◆ **INSTRUCTIONS TO FOLLOW**: From the records below, output exactly the lines starting at the line with "Old Navy Womens" and ending at the line with "Damas, 2ª Edição", both of them included, but no pictures.

◆ **DATA PROVIDED**:
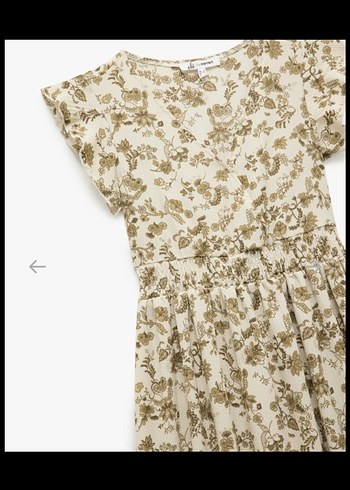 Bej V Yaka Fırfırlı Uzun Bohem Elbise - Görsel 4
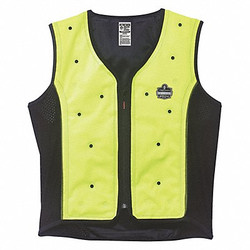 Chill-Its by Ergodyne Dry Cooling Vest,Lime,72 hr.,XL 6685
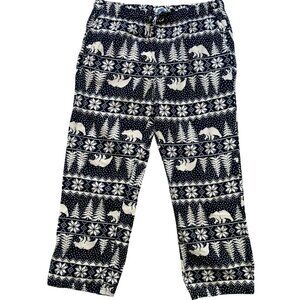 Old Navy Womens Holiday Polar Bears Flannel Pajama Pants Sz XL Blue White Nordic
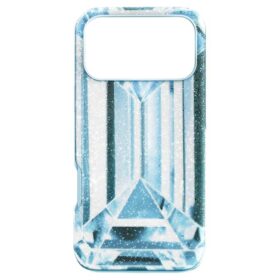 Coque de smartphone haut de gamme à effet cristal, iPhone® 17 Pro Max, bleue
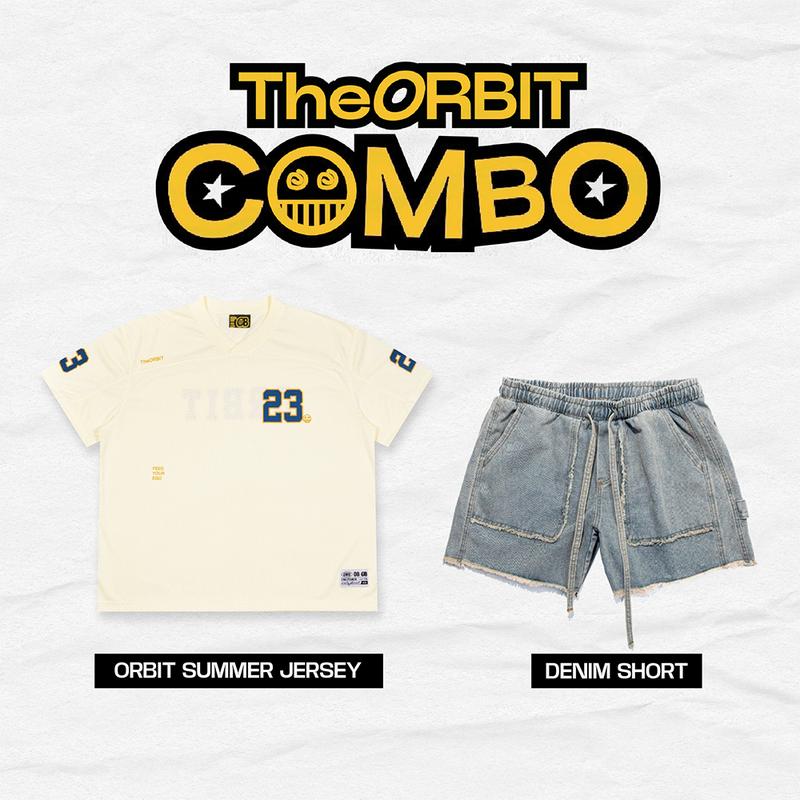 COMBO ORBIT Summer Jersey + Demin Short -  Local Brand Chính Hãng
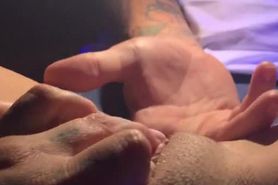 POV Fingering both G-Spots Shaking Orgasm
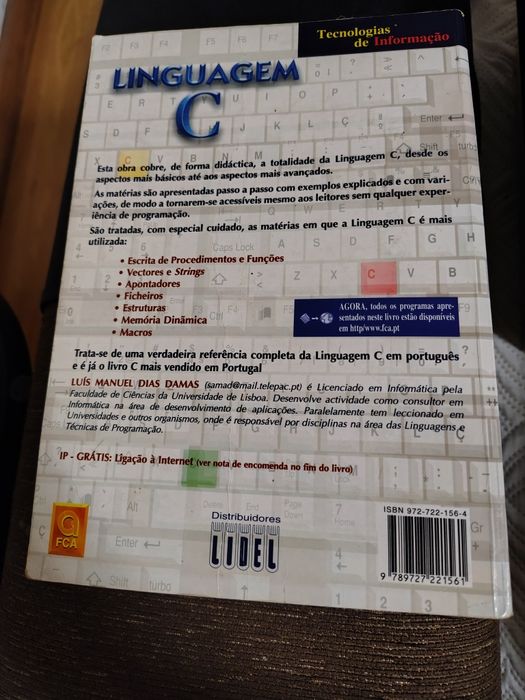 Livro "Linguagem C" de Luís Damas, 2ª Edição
--
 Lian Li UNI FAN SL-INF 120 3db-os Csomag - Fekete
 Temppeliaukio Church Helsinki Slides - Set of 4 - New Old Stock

◆ **SOLUTION TO THE EXERCISE**:
 Old Navy Womens Holiday Polar Bears Flannel Pajama Pants Sz XL Blue White Nordic
 Coque de smartphone haut de gamme à effet cristal, iPhone® 17 Pro Max, bleue
 COMBO ORBIT Summer Jersey + Demin Short -  Local Brand Chính Hãng
 POV Fingering both G-Spots Shaking Orgasm
 Livro "Linguagem C" de Luís Damas, 2ª Edição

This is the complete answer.